The minister also noted that the Hydrocarbon Pollution Remediation Project (HYPREP) established by the Nigerian government with one of its key mandates being to restore oil degraded mangroves is using nature based solutions.

“So far, HYPREP has produced a contextual manual for mangrove restoration in the Niger Delta, delineated 3000 hectares for mangrove restoration, rehabilitated 460 hectares of mangrove and is expected to plant 10 million of mangrove seedlings over the next 3 years,” he said.

He explained that the Great Green Wall and the mangrove restoration project are setting bold precedents of how nature-based solutions can deliver multiple benefits for nature and people by restoring biodiversity; helping communities to adapt to climate change; providing food and water security; and bringing peace, jobs, and sustainability to the region.

“Nigeria’s vision and that of the president of my country is to ensure that the World truly unites and responds to the biodiversity and climate crises as one,” he said.

The minister, however, called on all of to become bold champions of nature-based solutions, ambitious, innovative and disruptive

The Director of Ibrahim Usman Jibril Institute for the Built Environment, Nasarawa State University, Keffi, Professor Nasiru Medugu Idris told Daily Trust that the use of nature based solution (NBS) is still the best towards protecting our environment.

He said NBS involve working with nature, as part of nature, to address societal challenges, supporting human well-being and biodiversity locally and the approach include the protection, restoration or management of natural and semi natural ecosystems. 

“Regarding the GGW, agro forestry programme is still the best approach in greening our environment and for Ogoni clean-up, the recommendation by the UNEP report still stands out as the best and this should be continued in terms of implementation,” he said. 

Meanwhile, an Environmental Activist, Nnimmo Bassey said the label “Nature based solution” sounds very good but they should not be carried away by it.

“Ordinarily, it should mean using nature to solve socio-environmental problems. It could be used to tackle biodiversity loss, for example. The problem is that it can also be a cover up for undesirable actions including for example the use of monocultures or non native tree species to mitigate climate change,” he said.

Bassey, who is also the Director, Health of Mother Earth Foundation explained that forests and plantations used for carbon monoxide credits can equally be classified as nature based solutions but that plantations can also lead to displacement of communities.

“These and other concepts like “nature positive” or “net zero” are often used as solutions whereas they are used to basically give polluters license to pollute.”

He however said, it is not clear how HYPREP applies nature based solutions in their work. “If their definition is that they are using natural remediation techniques that do not rely on artificial or chemical applications that may be acceptable.

“For instance, there is nothing wrong with labeling actions taken to restore mangroves in previously contaminated areas as a nature based solution. The moment such actions are intended for use as carbon offsets or for carbon trading/credits it becomes a false climate solution,” he said..

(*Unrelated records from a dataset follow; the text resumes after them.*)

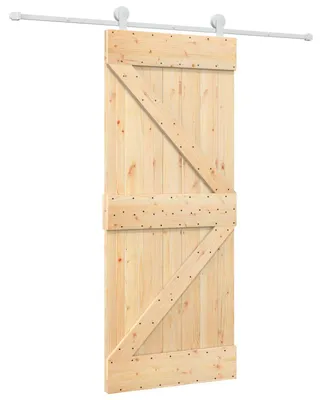 Image de Porte coulissante vidaXL, finition naturelle et blanche, 85 x 210 cm, pin massif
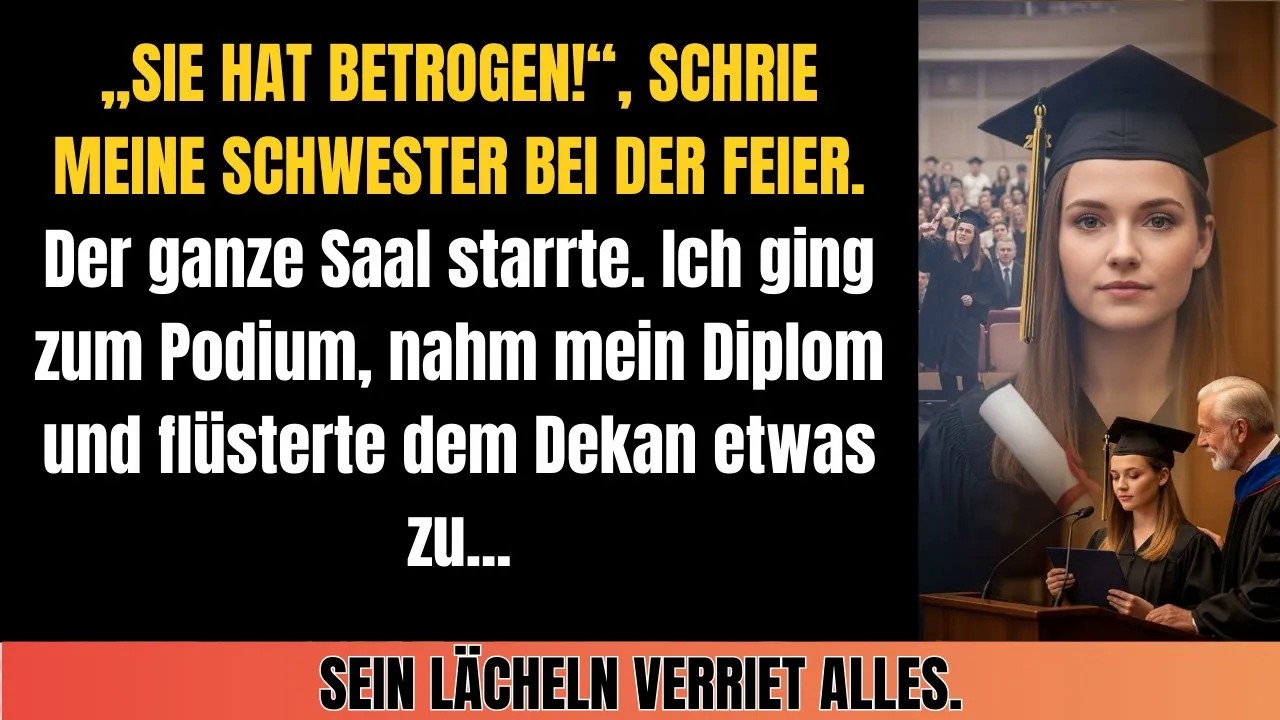 Beim Abschluss schrie meine Schwester： „Sie hat betrogen!“ – Alle erstarrten, als ich zum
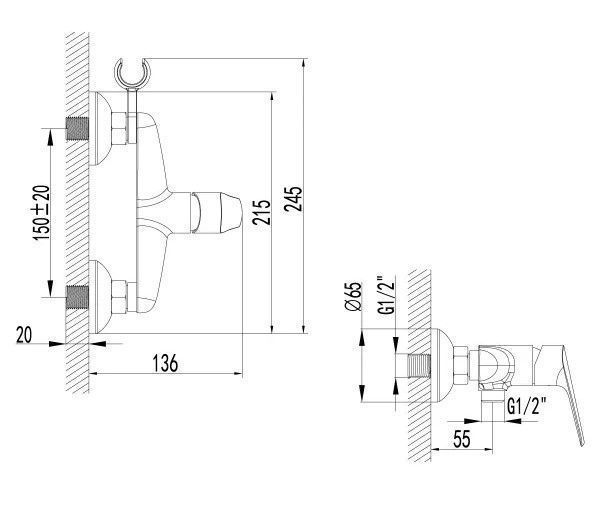 Смеситель для душа Partner (с лейкой и шлангом) хром LEMARK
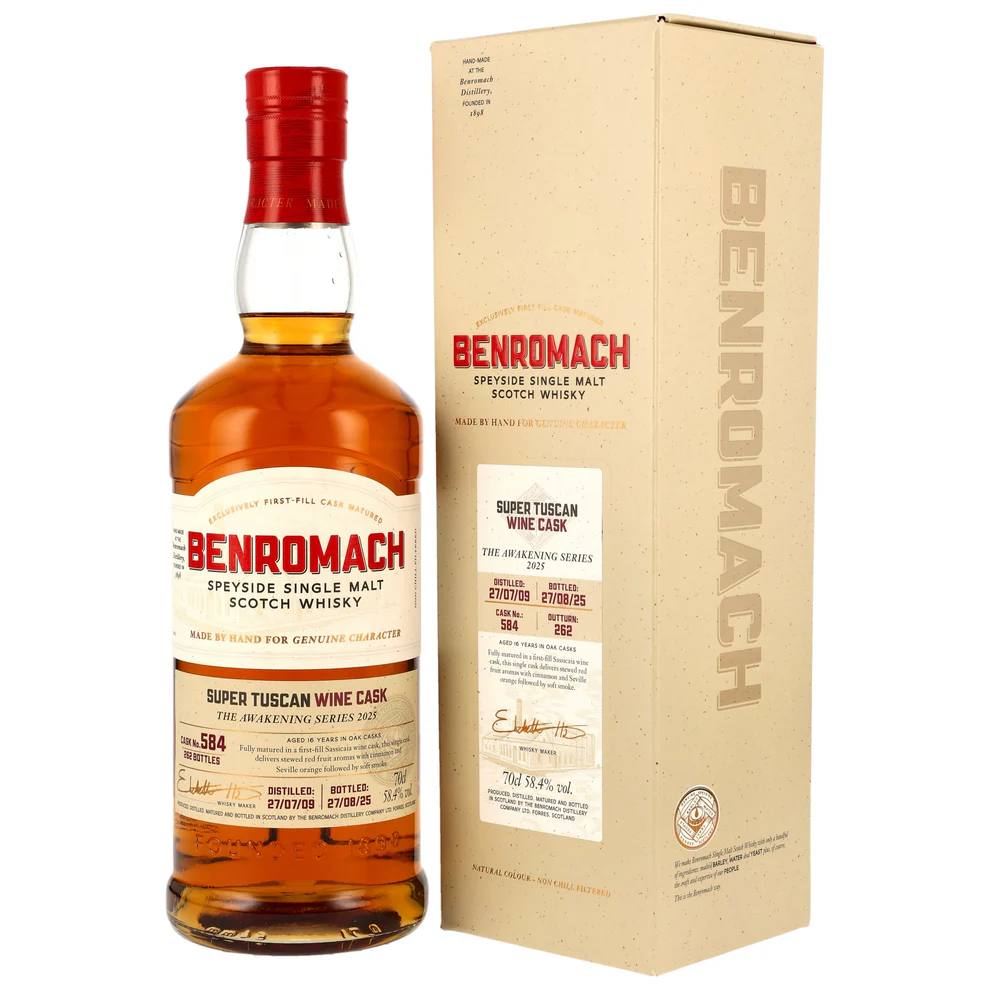 Benromach 16 2009/2025 - The Awakening Series 2025 - 1st Fill Sassicaia Wine Cask #584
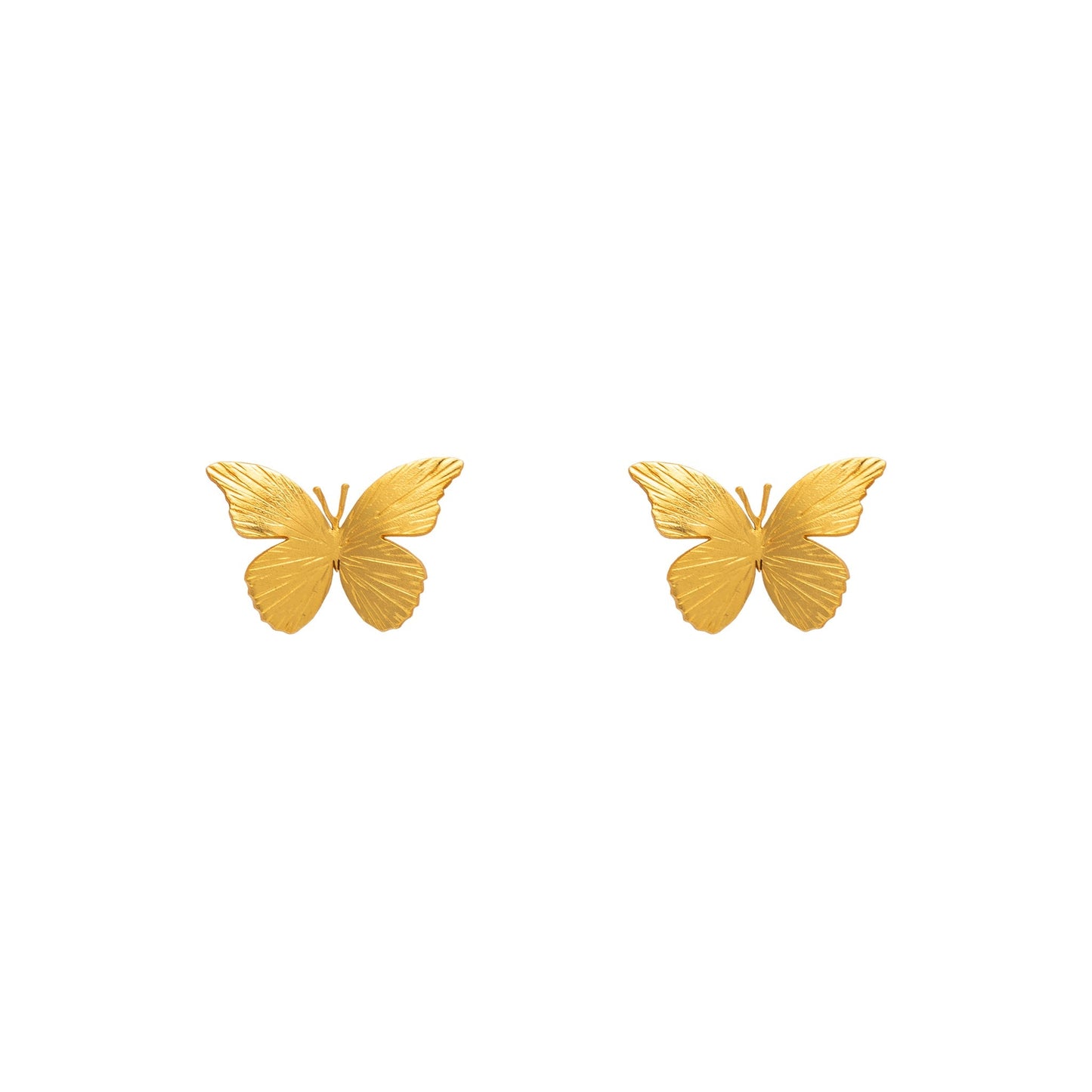 Arete Topo Pequeño Mariposa Renacer Dorado - Blumart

Bassey maintained that solutions of sorts are not what we need if they are aimed at obtaining carbon credits. “Our environment needs to be preserved, but not in exchange for someone to continue polluting.”

He warned that the government as well as citizens must be wary of terminologies that they have not seriously interrogated.

“We must carefully study the origins and originators of such concepts, no matter how beautiful they may sound. Who coined the term and why? What are their intentions? Who is reaping benefits from them? Who is suffering the negative impacts? Other concepts that we should be careful about include the blue economy, which opens up our water bodies for exploitation activities that could pose negative impacts to communities that depend on such water bodies,” he said.